Posts Tagged ‘loan securitization’

Can Borrowers Stop Foreclosure by TRO in a Civil Action?

April 20, 2010

In April, 2010 Judge Gary A. Feess, U.S. District Court for the Central District of California, issued an opinion holding in substance that there is no injunctive relief against foreclosure based on lender RESPA violations. [see RESPA TRO Denial]  Presiding Judge Irma E. Gonzalez in the Southern District held to the contrary in November, 2009, [see Preliminary Injunction RESPA Preliminary Injunction] albeit in a case apparently involving different facts.  The gravamen is the same, lenders are running amok with foreclosures even though they cannot show the two basic things they need to show – (1) who owns the note and (2) how much is owed? Which opinion do you think best follows the law?
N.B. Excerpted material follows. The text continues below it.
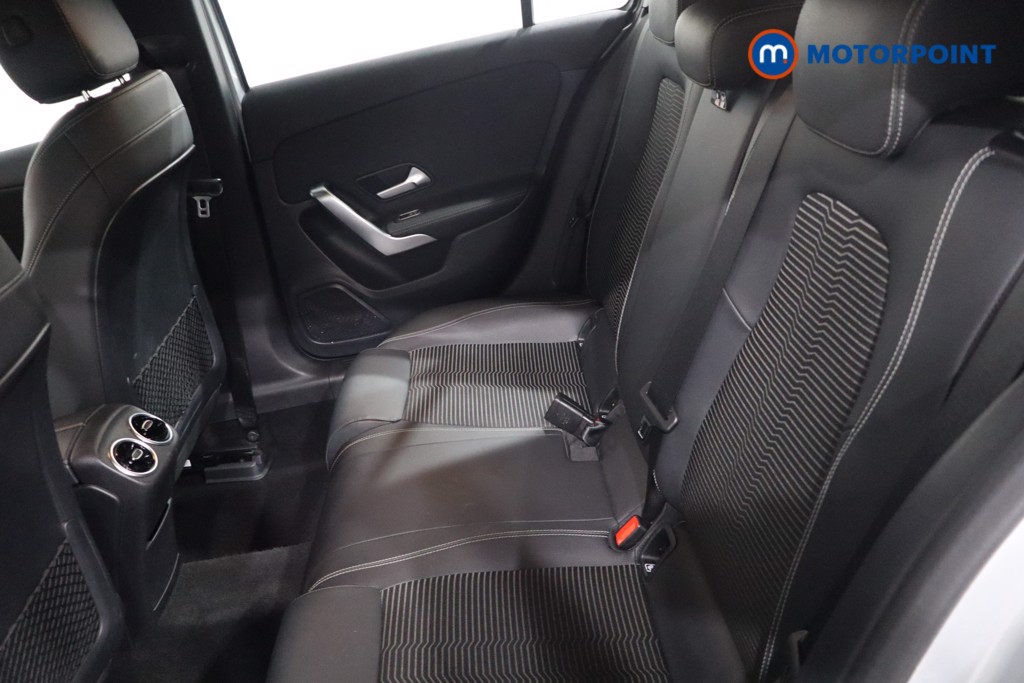 Mercedes-Benz A Class Sport Automatic Petrol Hatchback - Stock Number (1631108) - 5th supplementary image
Attachments for this Discussion are on the Interactive Law Network at
http://interactivelawcenter.ning.com/forum/topics/are-borrowers-entitled-to/edit

FDIC Pares Loan Loss Aid for Bank Buyers

April 13, 2010

In February, 2010 I posted a Page entitled “Foreclosure Profits Beat Loan Mod” in which I reviewed the IndyMac Loan Purchase Agreement and Loss Sharing Agreement between the FDIC and OneWest Bank.  These are evidently templates that the FDIC devised during the Resolution Trust era of the 1990s.  The issue is whether these arrangements are fair or reasonable in practice.  OneWest Bank, which bought out IndyMac in March, 2009, was involved in a short sale case that was disseminated over the internet.  It was shown how, after reaching a threshold, OneWest gets a built in profit at the expense of the FDIC whenever there is a loss on a purchased loan.   Among the many implications is the effect such sweetheart deals will have over the long term on the general public.   Several major investors in OneWest already profited from the subprime mess, and now stand to reap obscene profits in this phase. 
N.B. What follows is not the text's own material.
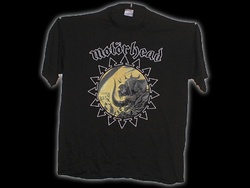 We are Motorhead Tour T-Shirt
The spotlight went off after about a week, the video is no longer readily accessible, and the FDIC simply published a statement that the bank needs to incur a minimum loss amout before it can start taking profits from losses.  In the March 27-28 weekend issue of the Wall Street Journal I found this article by Matthias Riekker with the above title indicating there are 94 of these loss sharing agreements outstanding that back $122 billion of assets.  There were 175 bank failures in 2009 and 41 in the first quarter of 2010.  The way these matters are handled continues to have an important impact on the average person and deserves careful scrutiny.
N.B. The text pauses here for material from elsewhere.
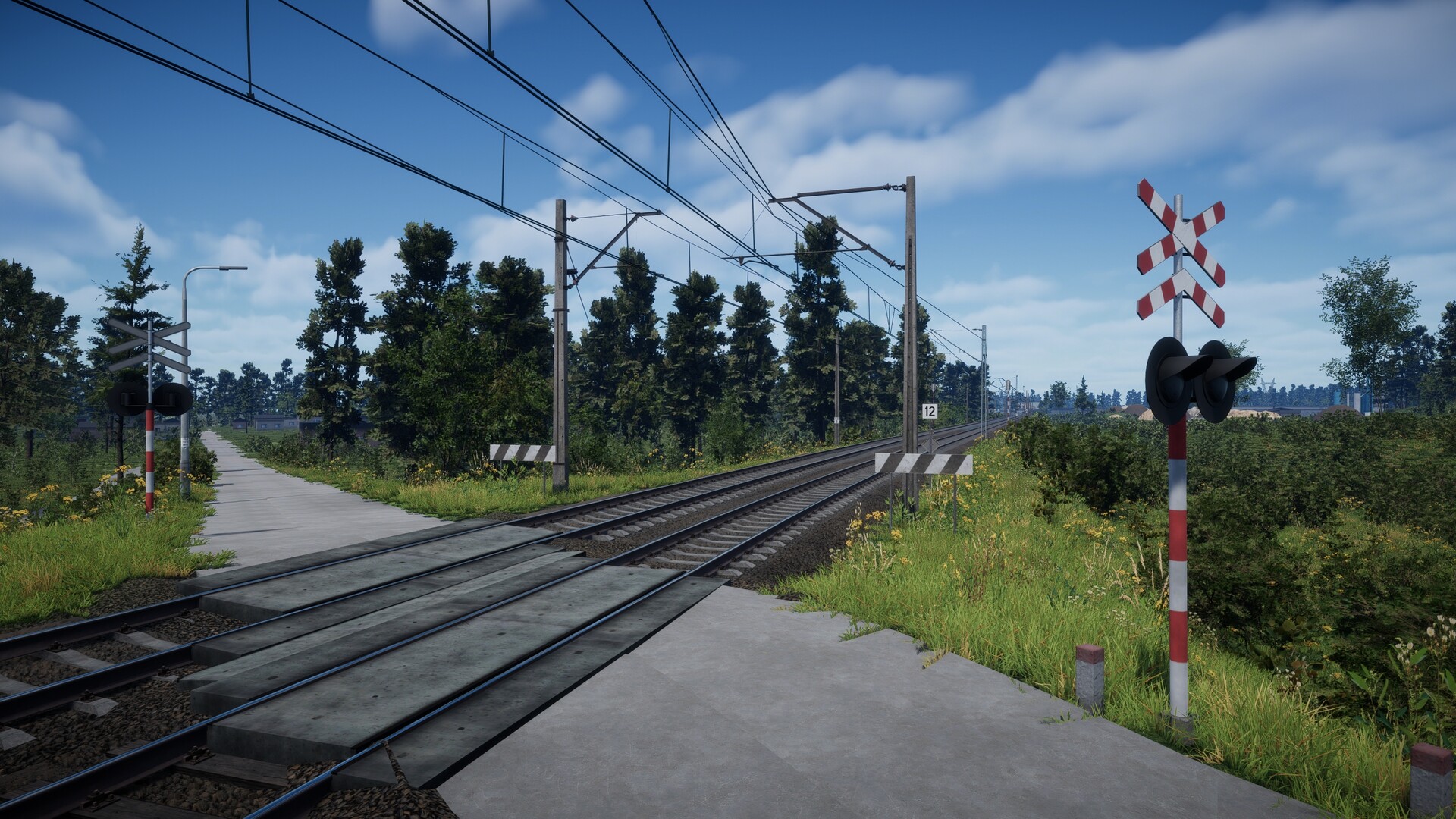 SimRail - The Railway Simulator: Łódź Junction Screenshot 21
Foreclosure is Preferred Choice for Banks to Quiet Title

February 21, 2010

In the Page entitled “Foreclosure Profits Deter Loan Mod” last week I suggested three possible motivators for banks to foreclose in preference to short sale or loan modification.  Then I went to a seminar by attorney Michael T. Pines and another light bulb lit up brightly.  Given the muddled situation with respect to rights and interests in loans that have undergone the securitization process, foreclosure is the quickest way to clean up the mess and consolidate profits with clear title to the asset underlying the mountain of paperwork.  After all, the home is the only thing of real value in all this.  In addition, the trail back to ill begotten profits that were pocketed during the course of previous loan cycling is erased and there’s a clear slate for renewed pillaging of the home when it gets back into the marketplace.